Chemicals group Ineos is advancing plans for a blue hydrogen plant at its Grangemouth refining and petrochemicals complex in Scotland by inviting bids for the project’s engineering-design contract.
Ineos unveiled proposals in September last year for the 150,000t/yr blue hydrogen plant, aimed at decarbonising its operations with an investment of £500mn ($685mn). The plant is scheduled to be commissioned in 2030.
“We are inviting bids from the best engineering companies to design both a state-of-the-art carbon capture-enabled hydrogen production plant and an extensive suite of related infrastructure projects,” says Stuart Collings, CEO of Ineos’ UK olefin and polymer subsidiary. Grangemouth, which also includes the Forties North Sea oil and gas pipeline system, is targeting net zero by 2045.
Critical to the site’s blue hydrogen plant is its proposed link to the Scottish Cluster Acorn CO₂ transport and storage project, which missed out on the UK government’s first round carbon capture and storage (CCS) funding, announced in October.
150,000t/yr – Proposed annual capacity of blue hydrogen plant
The government has committed to providing £1bn ($1.4bn) to support two industrial clusters with CCS by the mid-2020s in the first phase, with a further two by 2030 in the second.
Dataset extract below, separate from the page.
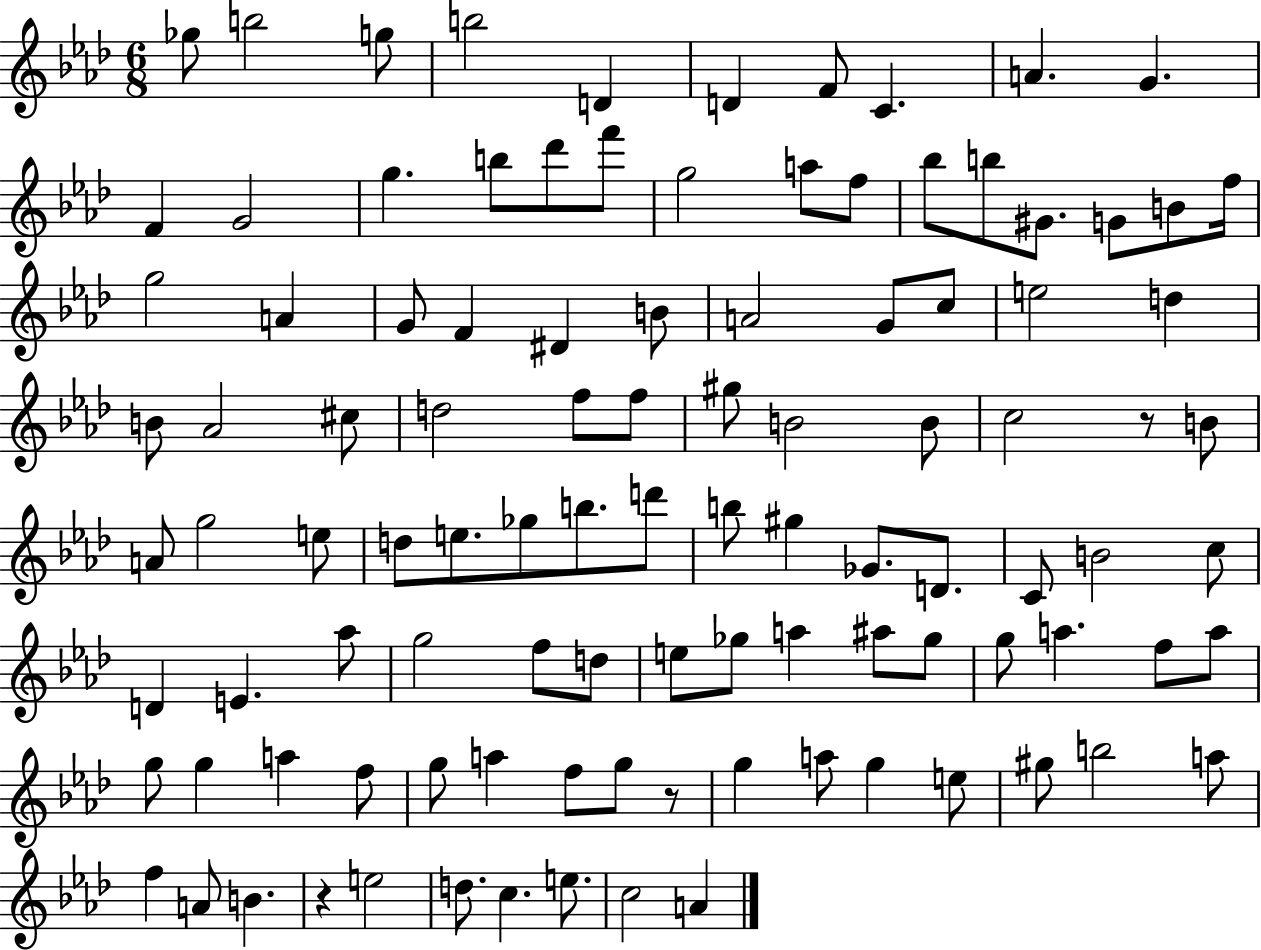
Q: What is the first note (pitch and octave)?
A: Gb5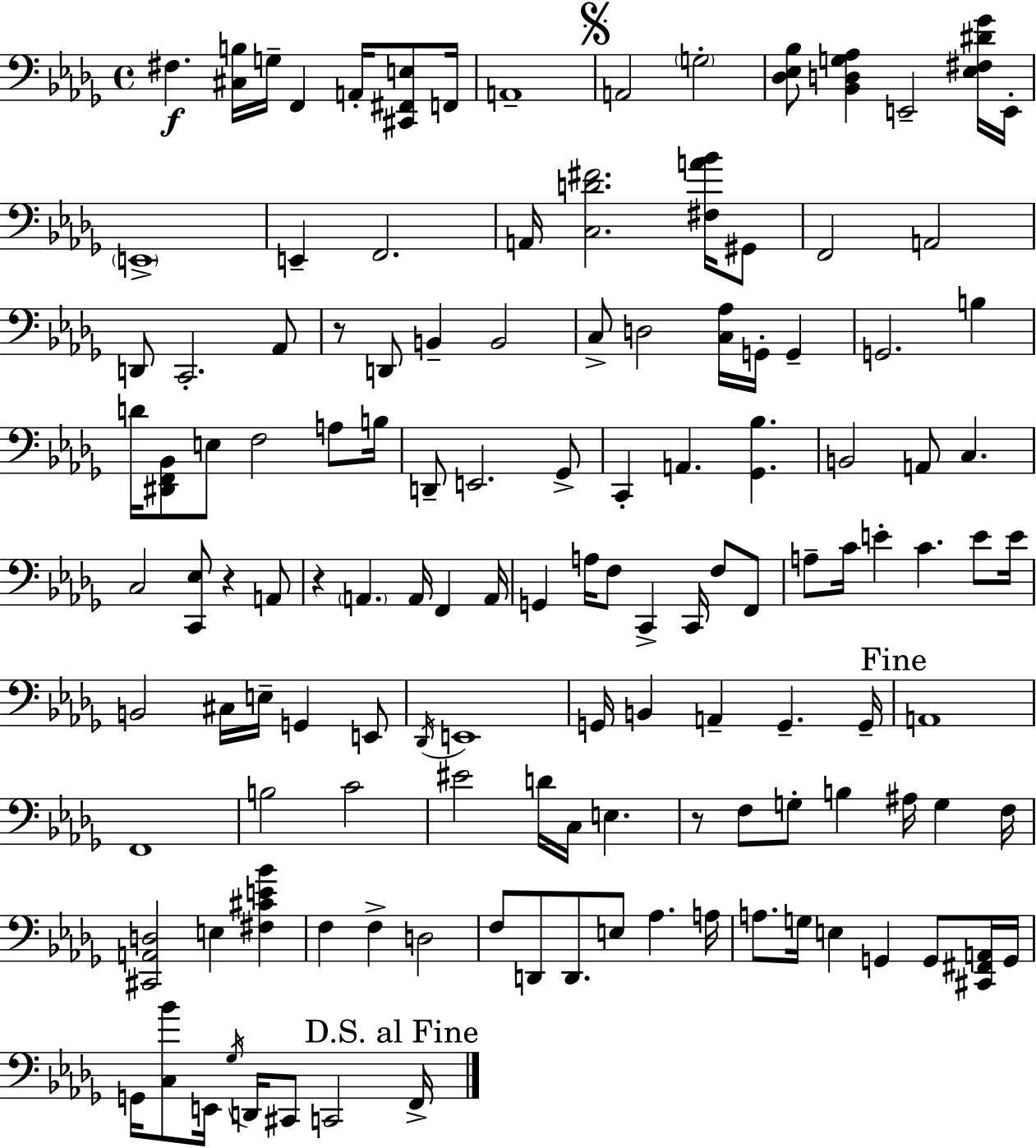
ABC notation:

Acorn was given only reserve status in the first round, barring it from negotiating revenue mechanisms with the UK Treasury and leaving it with no guarantee of securing second round funding.
Scottish first minister Nicola Sturgeon wrote to UK prime minister Boris Johnson in November, calling for him to award the Acorn project track-one status “without delay”.
“We are fully committed to the Scottish Cluster CCS project. We believe it will be an important part of both Scotland and the UK’s drive to net zero,” Collings says. Grangemouth would provide 1mn t CO₂/year to Acorn.
The Grangemouth project would feed hydrogen into the site’s existing combined heat and power plant, the KG Ethylene plant at the Petroineos refinery.
“This will require a new hydrogen distribution network throughout the site and modifications to the existing fuel gas network, all of which are captured within the scope of the engineering design,” Ineos says.
The scope of design is also planned to provide capability to link the hydrogen production to third parties in the local area to support development of a local hydrogen hub.
Hydrogen would also feed a new hydrogen-ready gas-fired power plant, which is already under construction at Grangemouth and scheduled to start up in 2023.